▶ **What you should do**:
Copy the lines below exactly. No picture goes into the copy.

▶ **Supplied material**:
____
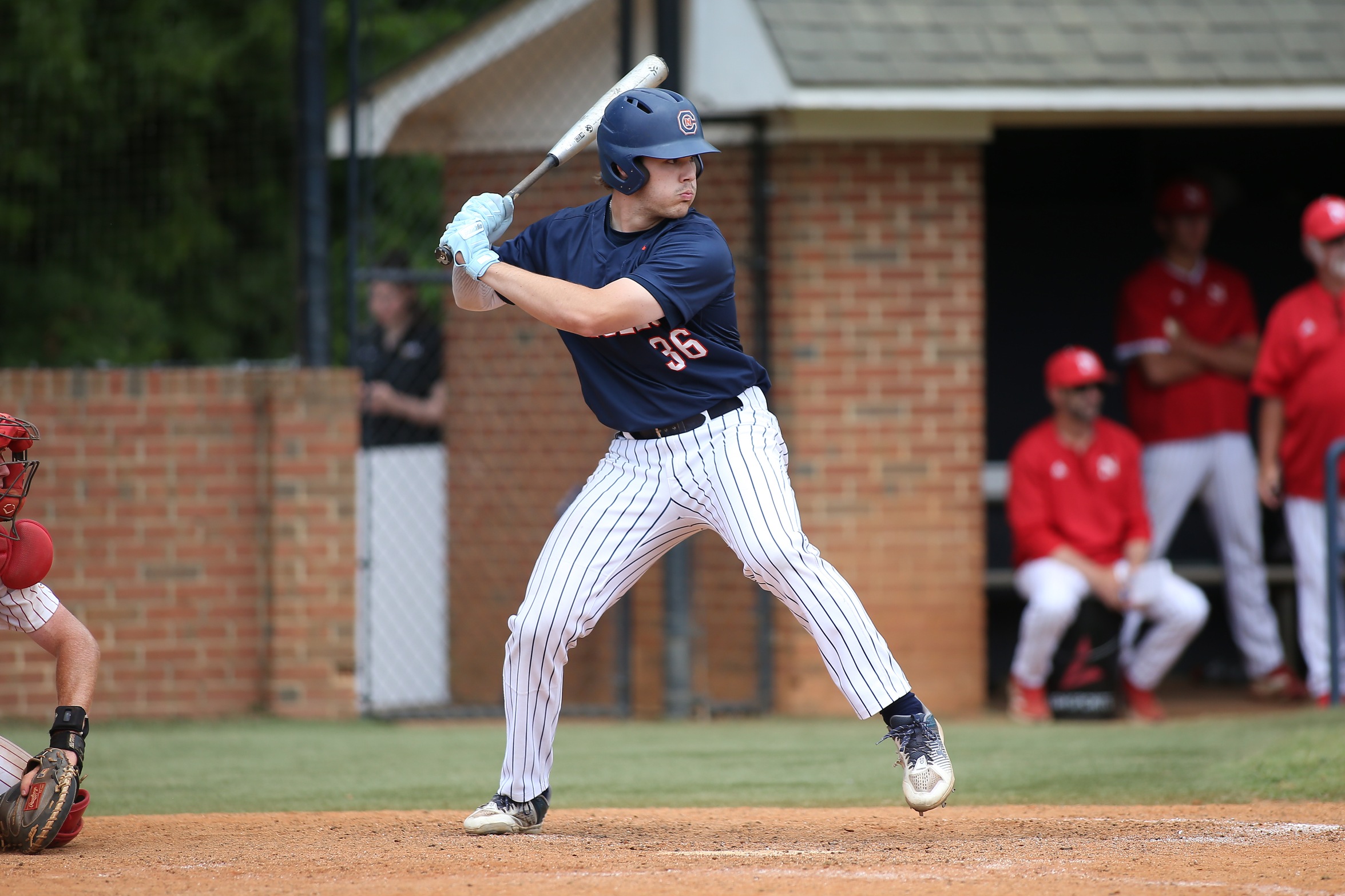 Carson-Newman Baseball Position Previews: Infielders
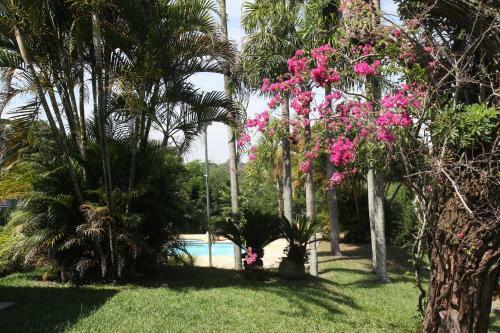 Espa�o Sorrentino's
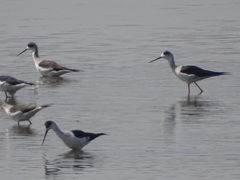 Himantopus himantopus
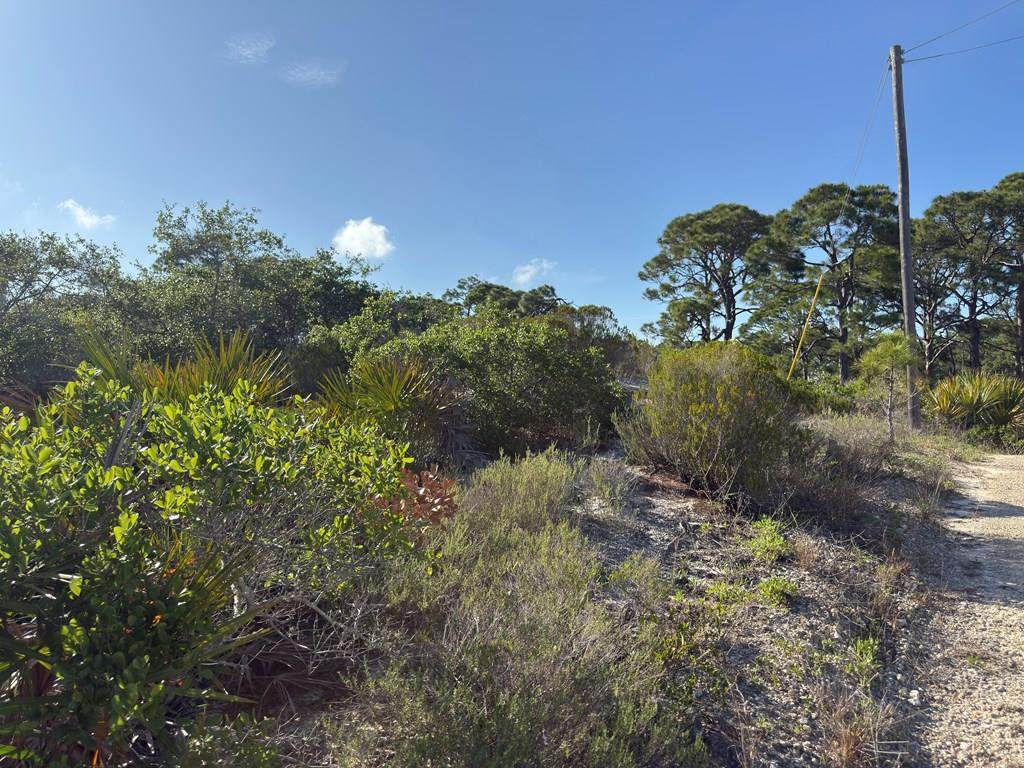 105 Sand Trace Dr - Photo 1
____
▶ **Answer for the task**:
 Carson-Newman Baseball Position Previews: Infielders
 Espa�o Sorrentino's
 Himantopus himantopus
 105 Sand Trace Dr - Photo 1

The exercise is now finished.